The answer, as ever, depends on your point of view.
Here’s the optimist’s stance. A move to a 12-12-18 league structure will prove to be the lifeblood of the game for years to come, providing as it does a re-vamped fixture system of split formats and increased pay-offs, all serving to mitigate against a high number of meaningless matches over the closing months of the season.
There will also be a more equitable spread of the cash available among the lower division clubs, thereby reducing at a stroke the financial gulf between the haves and the have nots. And the bonus is the proposed merger of the SPL and SFL into a unitary body which will have the best interests of Scottish football as an entity at heart..
If all that sounds positive, we should be wary of the pessimist, who nods sagely at the plans, and keeps his views succinct – you can move things around all you like, he says, but changing the league structure is akin to shuffling the deck chairs around the Titanic as it slowly sinks towards the abyss, with not a rescue boat in sight.
The rationale here, of course, is that there are simply too many clubs operating in the senior ranks of the game in Scotland. 42 clubs for a population of little more than 5 million?
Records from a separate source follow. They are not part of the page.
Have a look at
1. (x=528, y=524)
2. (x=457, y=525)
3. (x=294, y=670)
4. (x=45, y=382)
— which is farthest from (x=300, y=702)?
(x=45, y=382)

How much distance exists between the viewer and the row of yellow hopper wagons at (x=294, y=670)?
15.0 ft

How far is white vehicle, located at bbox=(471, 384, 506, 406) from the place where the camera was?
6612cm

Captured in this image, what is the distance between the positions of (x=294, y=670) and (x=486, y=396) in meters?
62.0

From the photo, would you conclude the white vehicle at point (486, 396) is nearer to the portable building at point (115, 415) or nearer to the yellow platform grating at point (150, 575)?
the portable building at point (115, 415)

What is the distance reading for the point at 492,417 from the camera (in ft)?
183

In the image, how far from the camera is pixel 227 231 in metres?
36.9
England, for instance, has roughly twice as many clubs (92) for ten times the population of its northern neighbour.
Spain and Italy also have 42 senior clubs, but then their populations are 47 million and 61 million respectively. Germany’s 81 million residents are serviced by 36 senior clubs, and France’s 65 million have 40 clubs to choose from. Do your arithmetic, and it’s clear why many opine that the proposed changes are tinkering around the edges, as opposed to addressing the bigger picture.
So, it can be suggested that the league restructure, for all it is a step in the right direction, is simply not radical enough during this, Scottish football’s hour of need. League restructure may well maintain a lightly beating pulse, but the feeling persists that much more needs to be done to leave the heart beating strongly on a longer term basis.